Nichtzulassungsbeschwerde des Finanzamts zurückgewiesen

Mit dem nicht zur Veröffentlichung bestimmten Beschluss des BFH vom 28.4.2020 hat der BFH die Nichtzulassungsbeschwerde des Finanzamts gegen das nicht veröffentlichte Urteil des FG Rheinland-Pfalz v. 13.11.2019 (2 K 2304/17) zurückgewiesen.

Signalwirkung des sehr knapp gehaltenen Beschlusses: Der Gesetzeswortlaut ist unmissverständlich und kann von den Finanzämtern für vor der Anschaffung einer Immobilie angefallene Modernisierungskosten nicht ausgeweitet werden.

Denkbare Reaktionen der Sachbearbeiter bzw. Prüfer der Finanzämter

Die Sachbearbeiter und Prüfer der Finanzämter dürften aufgrund dieses eindeutigen Beschlusses des BFH nach neuen Argumenten suchen, um vor dem Kauf angefallene Werbungskosten als Herstellungskosten zu qualifizieren und diese nur im Rahmen der Gebäudeabschreibung zum Abzug zuzulassen.
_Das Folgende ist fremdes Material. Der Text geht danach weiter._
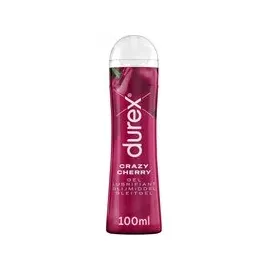 DUREX Crazy Cherry 100 ml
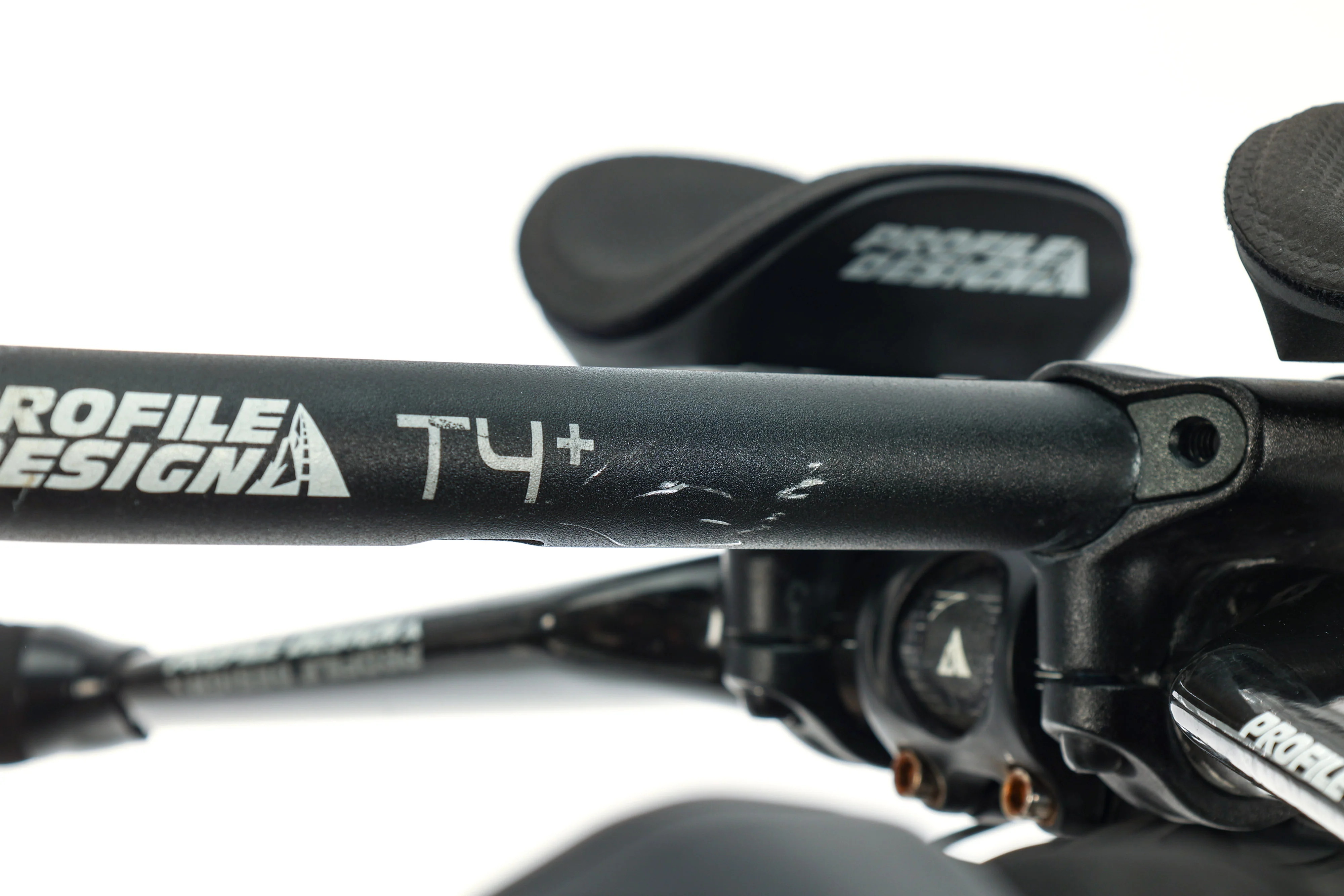 Quintana Roo PRfive Triathlon Bike - 2016, 56cm - Image 16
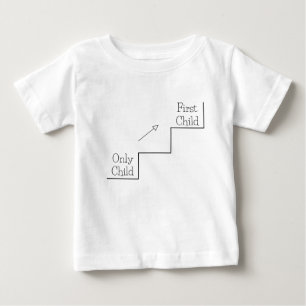 baby announcement shirt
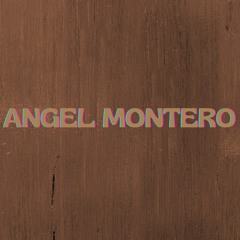 Angel Montero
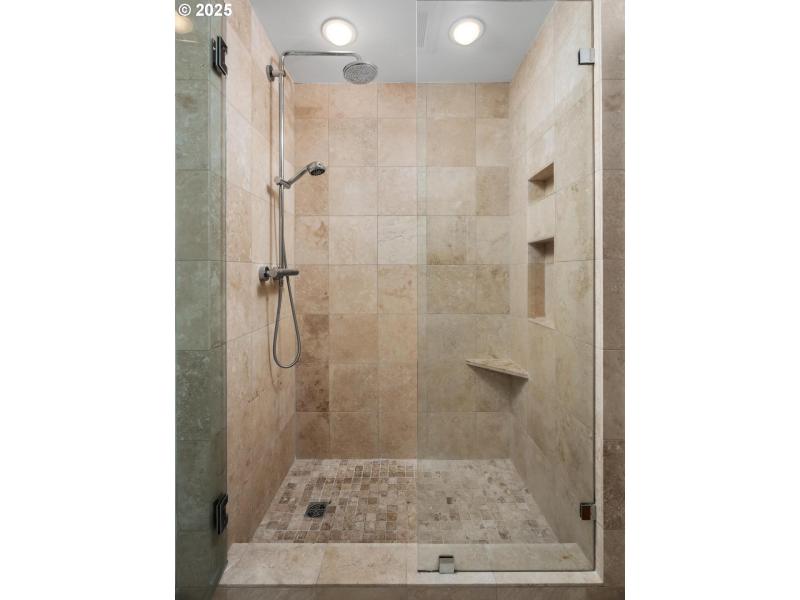 Owner's Suite Bathroom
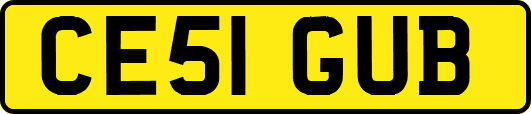 CE51GUB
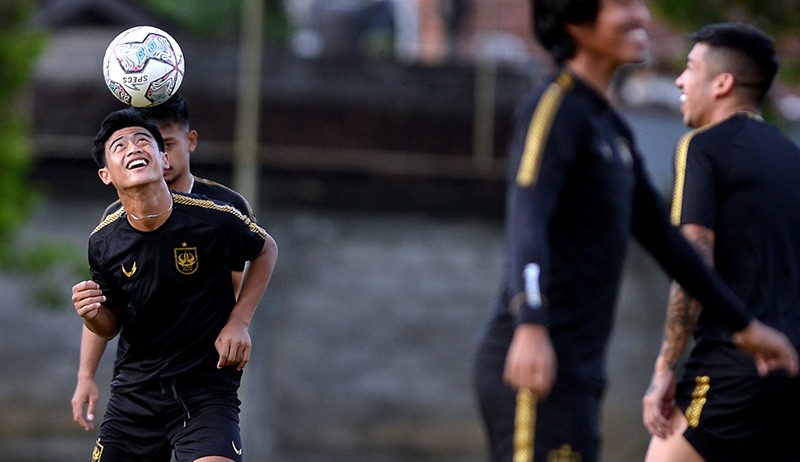 title Laga Perpisahan Lawan Bali United, Ini Pesan Menyentuh Pratama Arhan untuk PSIS Laga Perpisahan Lawan Bali United, Ini Pesan Menyentuh Pratama Arhan untuk PSIS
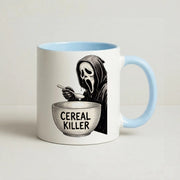 Cereal Killer - Scream Mug 3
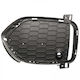 Bmw X5 F15 2014-2018 M-paket Δεξιά Διακοσμητική Επένδυση Προφυλακτήρα 51118064636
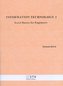 Information technology I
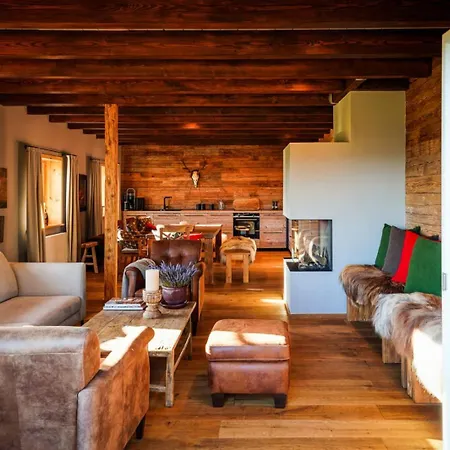 Stilvolles 1750 Im Allgaeu - 200qm - Ausstattung - Traumhafter Blick - Bis 8 Personen Casa vacanze
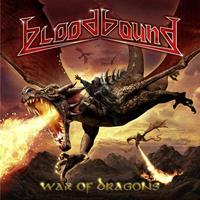 Soulfood Music Distribution Gm / AFM Records War Of Dragons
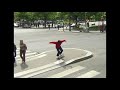 Carhartt wip skateboarding  introducing rmy taveira  tav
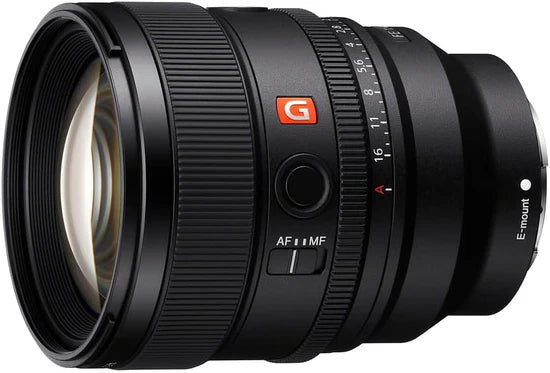 Sony FE 85mm F1.4 GM II (SEL85F14GM2)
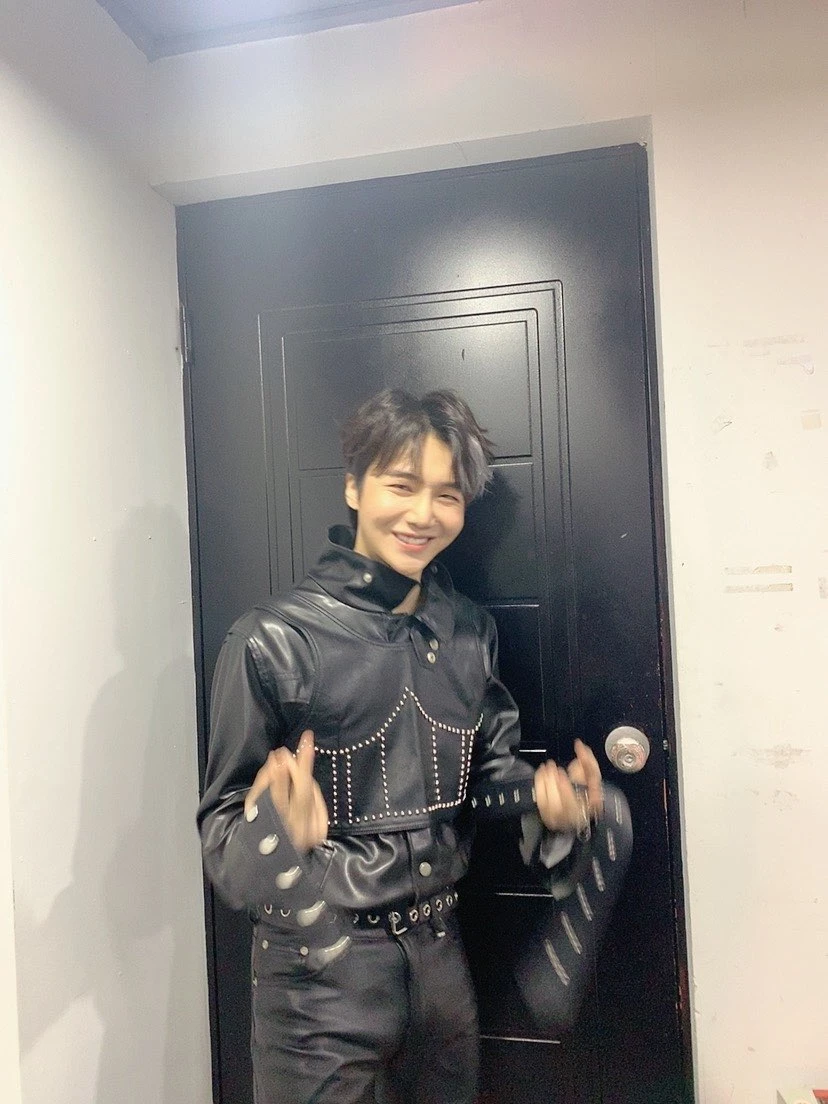 Jinho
Denkbar sind folgende Ansätze.

Keine fiktiven Herstellungskosten, sondern originäre Herstellungskosten

Wenn Modernisierungs- und Instandhaltungskosten nicht in die 15 %-Grenze einbezogen werden dürfen, könnte das Finanzamt nach Indizien suchen, dass keine fiktiven, sondern originäre Herstellungskosten vorliegen. Das wäre der Fall, wenn durch die Maßnahmen ein neues Wirtschaftsgut entsteht (z. B. aus einer Wohnung werden zwei Wohnungen; erstmalige Errichtung eines Treppenhauses).

Gestaltungstipp | Es sollte bei vor der Anschaffung des Gebäudes entstandenen Aufwendungen darauf geachtet werden, dass keine Indizien dafür vorliegen, dass aktivierungspflichtige Herstellungskosten vorliegen.

Abschluss der Instandhaltungs- und Modernisierungsarbeiten nach Anschaffung

Ein Argument für die Einbeziehung vor der Anschaffung angefallener Kosten in die 15 %-Grenze des § 6 Abs. 1 Nr. 1a EStG könnte sein, dass die Instandhaltungs- und Modernisierungsarbeiten erst nach Übergang von Nutzen und Lasten abgeschlossen werden.

Gestaltungstipp | Um hier Problemen mit dem Finanzamt aus dem Weg zu gehen, sollte darauf geachtet werden, dass die Abnahme der Bauarbeiten unbedingt vor Übergang von Nutzen und Lasten erfolgt. Auf den Zeitpunkt der Rechnungsstellung und auf den Zahlungszeitpunkt kommt es dagegen nicht an.